Later on in the movie, there's another amusing situation that ensues as a result of fairly innocent actions being plausibly mistakenly assumed to be far less so.  For the most part though, things often are too far fetched for my liking, particularly since I found myself doing what Jimmy had done with the horror tale that had scared Cherie so back when she was a young girl: i.e., too easily find holes to poke in the story to be able to go with the flow and feel affected by it.  

It's not just the infusion of some outlandish sci-fi components into the story that didn't work for me.  (Actually, that particular absurdity tickled my funny bone somewhat, as did some of the dirtier jokes in this film whose makers seemed to want to see how low they could go for amusement's sake!)  Rather, the old problem I had with Love in a Puff reared its head again here: namely, that I found it difficult to understand what Cherie saw in Jimmy that would make him her Mr.
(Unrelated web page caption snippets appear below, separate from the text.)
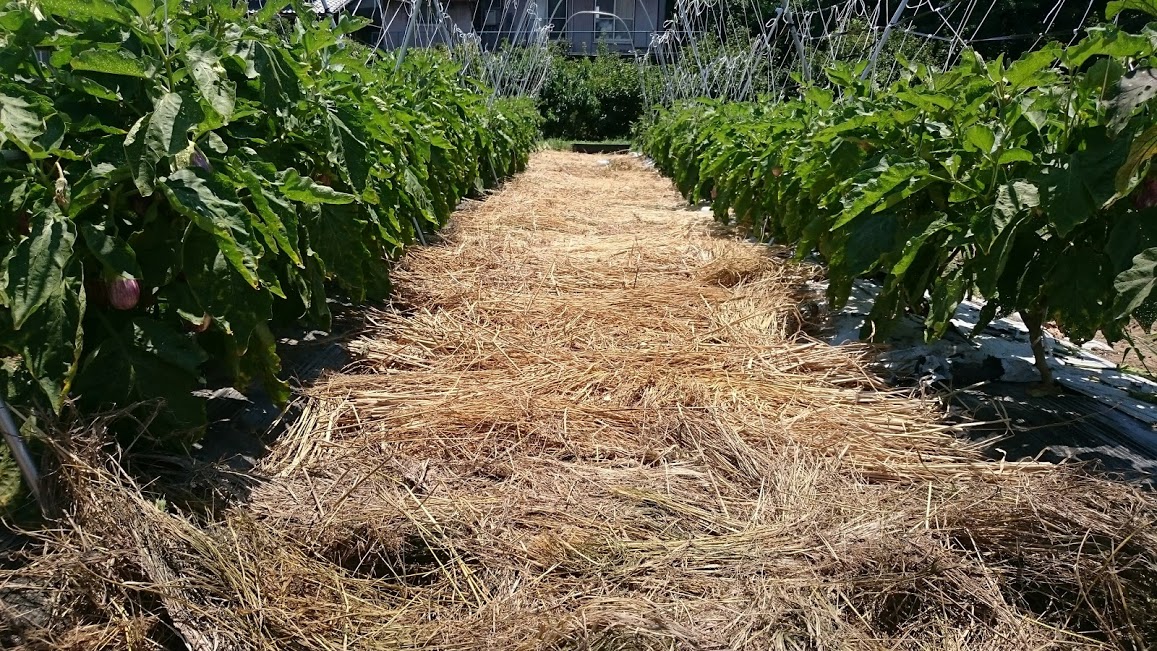 ナスだけ特別対応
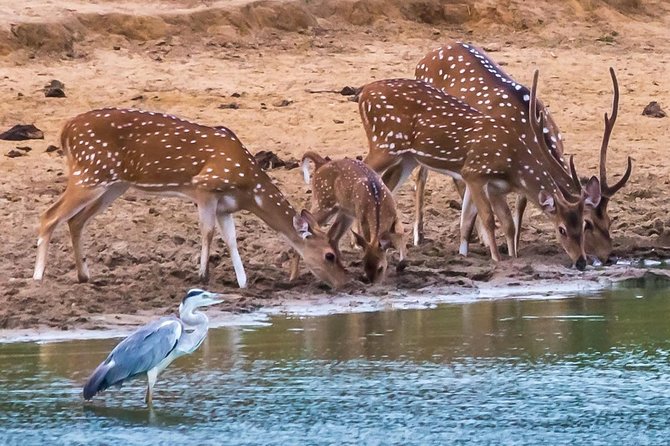 Private Day Trip to Yala National Park from Colombo - Should you book the Colombo to Yala private day trip?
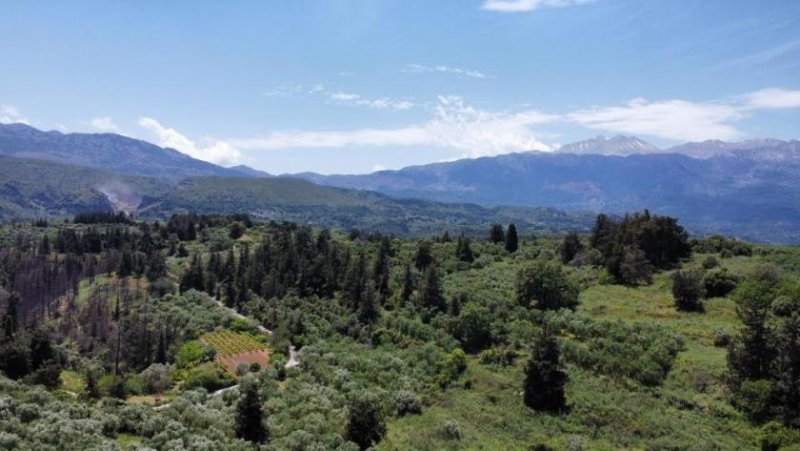 Kalamitsi Amigdali Kreta, Kalamitsi: Venezianisches Steinhaus mit angrenzendem landwirtschaftlichen Nutzland zu verkaufen Haus kaufen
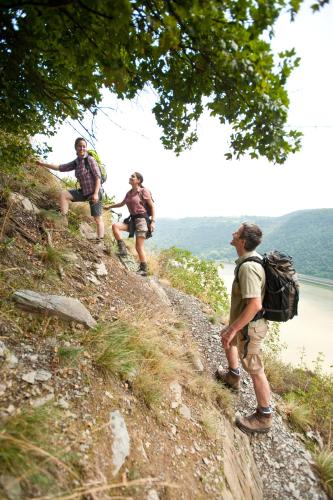 three men walking up a hill on a trail at Winzerhof Ross & Rose in Trechtingshausen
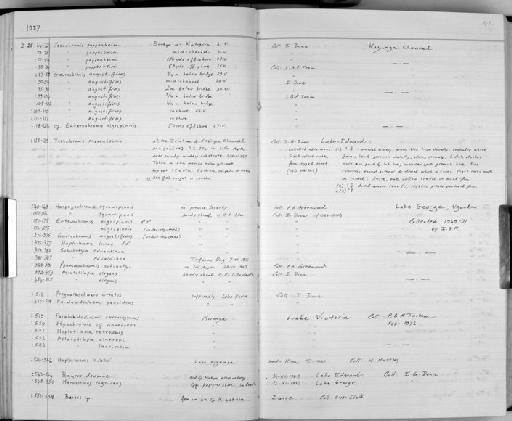 Haplochromis pelagicus MS Vranken - Zoology Accessions Register: Fishes: 1986 - 1994: page 42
Right; which is not a trivial matter when pretty much the whole movie is about her wondering whether he is indeed the man that she wants to, and should, spend the rest of her life with.

To be sure, seven years on and two films as a romantic pairing later, Miriam Yeung and Shawn Yue do exhibit an easy and pleasant chemistry.  But, no doubt in part because their characters' romantic scenes are so unsexual, they don't convince as lovers; with it really not helping matters when Miriam Yeung is clearly still wearing a bra even in at least one scene featuring the star-crossed pair in bed and Shawn Yue's underpants are too obviously visible underneath a robe when he's supposed to have discarded them in another scene in which they're supposed to be feeling all hot and randy.    

Another example of the filmmaking carelessness and narrative laziness that permeates this movie is the insertion into the picture of a female character who's supposedly Canadian Chinese, like Jimmy, but appears able to only converse in Putonghua (essayed by Mainland Chinese actress Jiang Mengjie), and whose primary reason to be in the picture is to provide Cherie and Jimmy with things to bicker about.  Furthermore, while the colorful characters played by Paul Chun Pui, Susan Shaw, Jo Kuk and company can be fun to watch, their antics feel like mere padding for content that otherwise wouldn't be sufficient for a feature film.     

To sum it up: Miriam Yeung and Shawn Yue deserve better, and Pang Ho Cheung can do -- and has done -- so much better as a director and scriptwriter.  We're talking about the talented fellow, after all, who's crafted gems like Women Who Flirt with current regular writing partner Jody Luk and Dream Home with Jimmy Wan and Derek Tsang (who has an on-screen role in this movie as Cherie's brother), and whose solo scripting efforts include Aberdeen (the 2014 Hong Kong International Film Festival's much stronger opening film).